[[ Input, beginning ]]

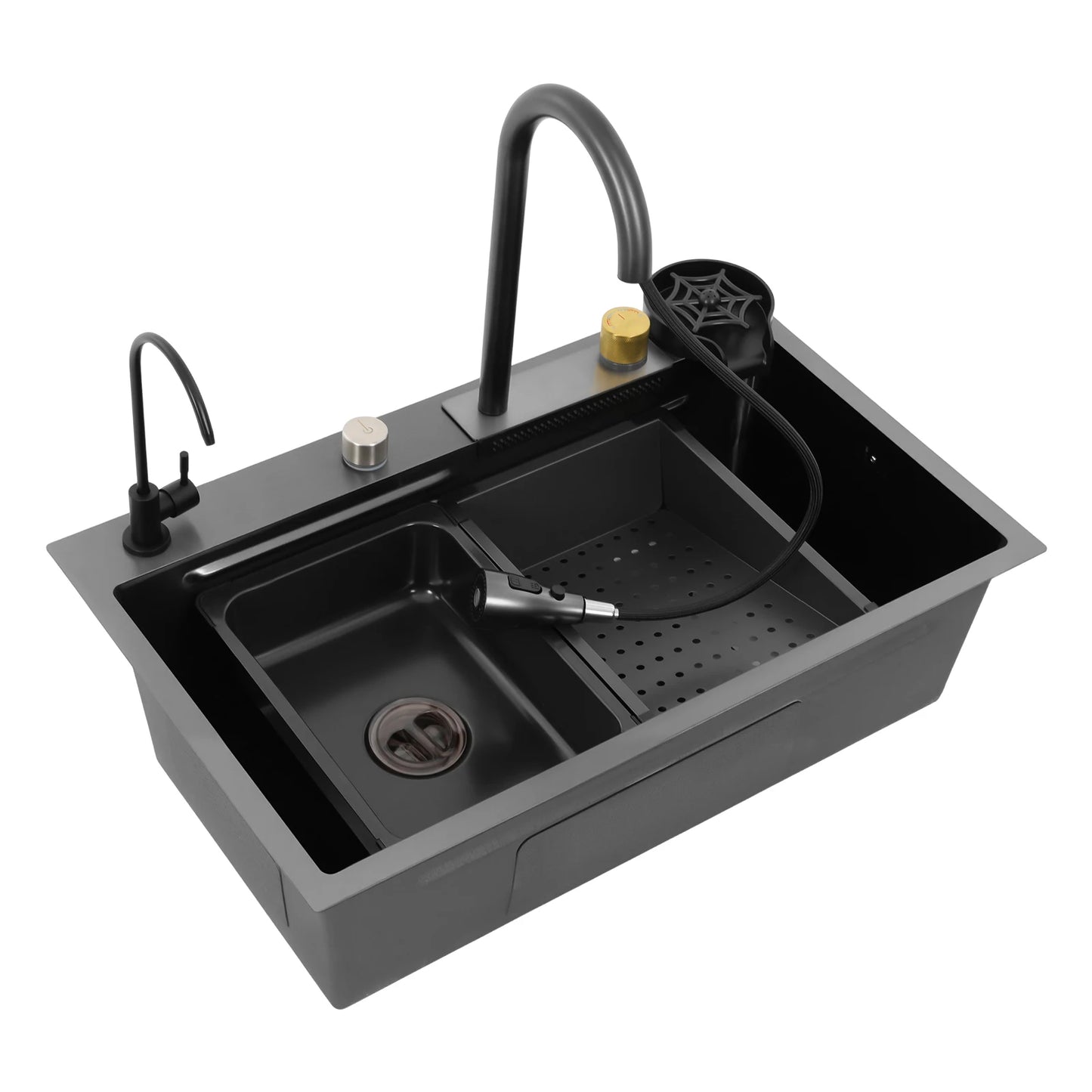 68/75 cm Küchenspüle, Haushaltsspülbecken-Set, Edelstahlspüle, Unterbau-Küchenspüle, rostfrei, großes Fassungsvermögen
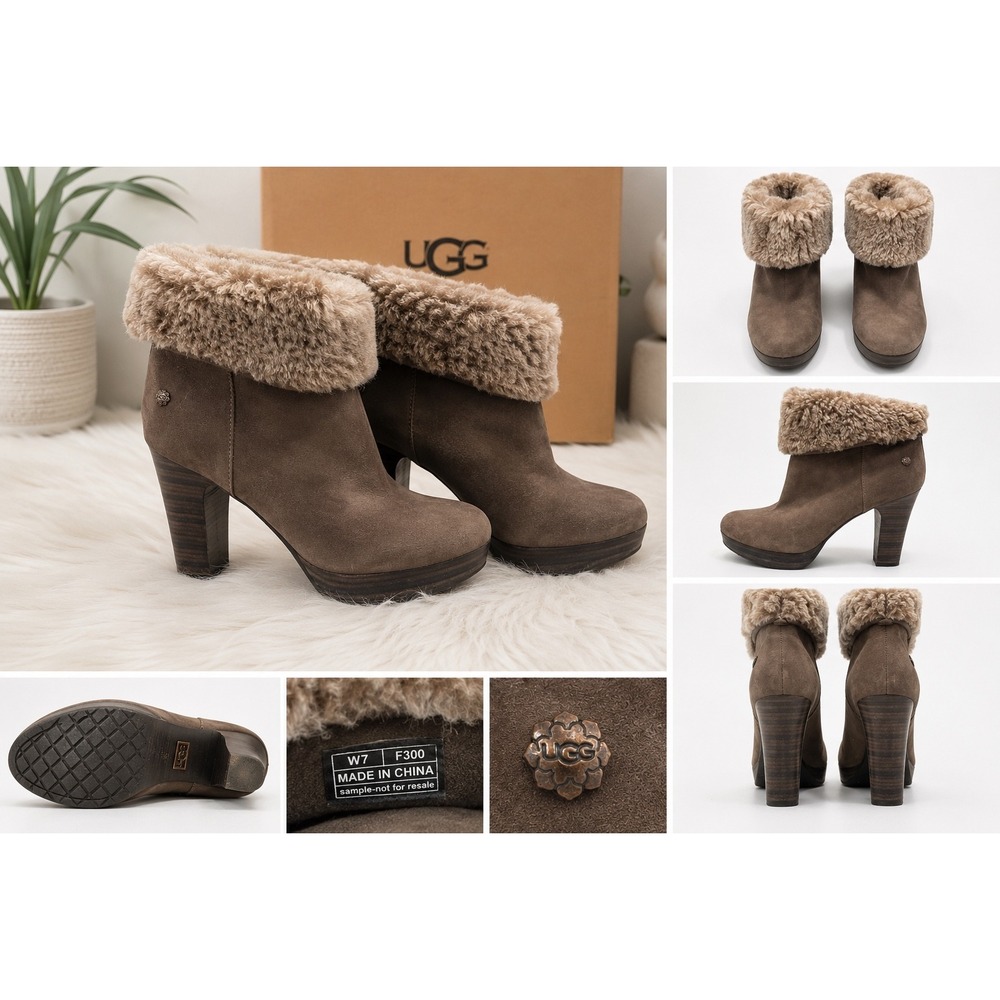 UGG Australia Brown Suede Shearling Fur Cuff Platform Heeled Ankle Boots Size 7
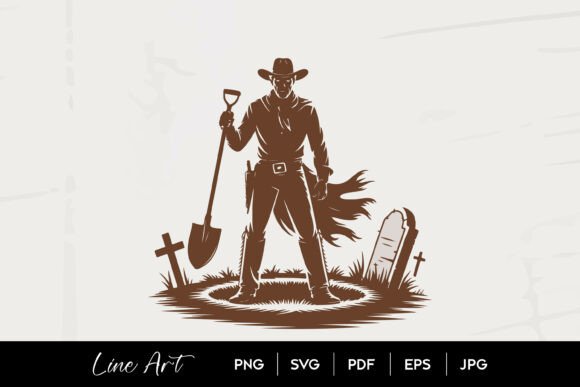 Cowboy Grave Digger Line Art Graphics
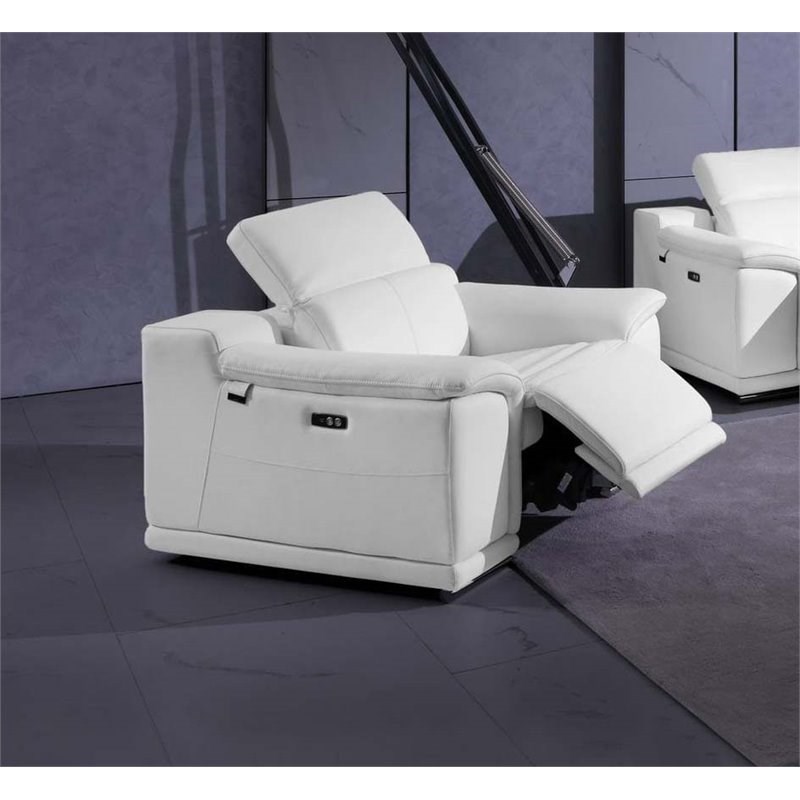 Titan Furnishings Genuine Italian Leather Power Reclining Chair in White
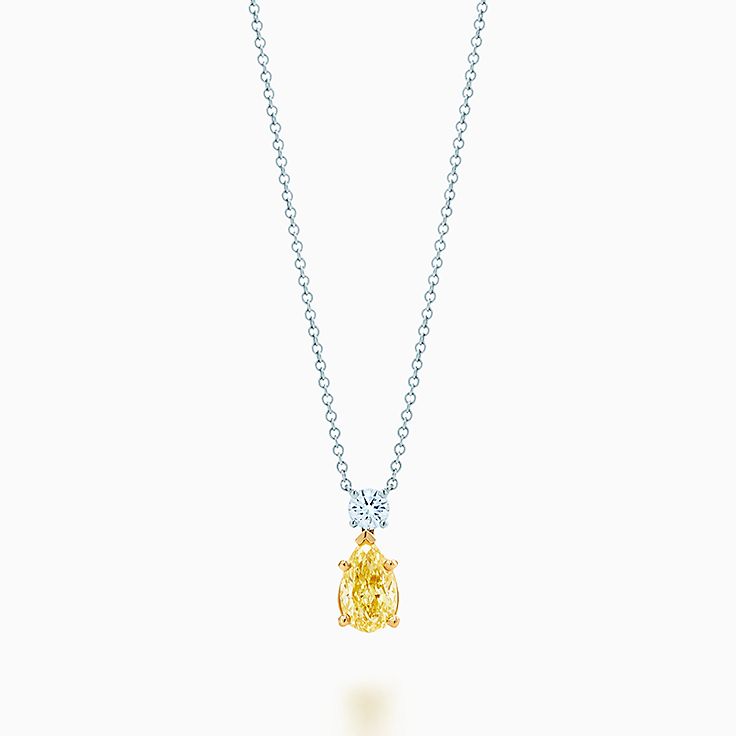 Platinum Jewelry with Yellow Diamonds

[[ Input, end ]]

▶ **Your goal**
What is needed is a word-for-word copy of the records above, excluding pictures.

▶ **Answer for the task**
 68/75 cm Küchenspüle, Haushaltsspülbecken-Set, Edelstahlspüle, Unterbau-Küchenspüle, rostfrei, großes Fassungsvermögen
 UGG Australia Brown Suede Shearling Fur Cuff Platform Heeled Ankle Boots Size 7
 Cowboy Grave Digger Line Art Graphics
 Titan Furnishings Genuine Italian Leather Power Reclining Chair in White
 Platinum Jewelry with Yellow Diamonds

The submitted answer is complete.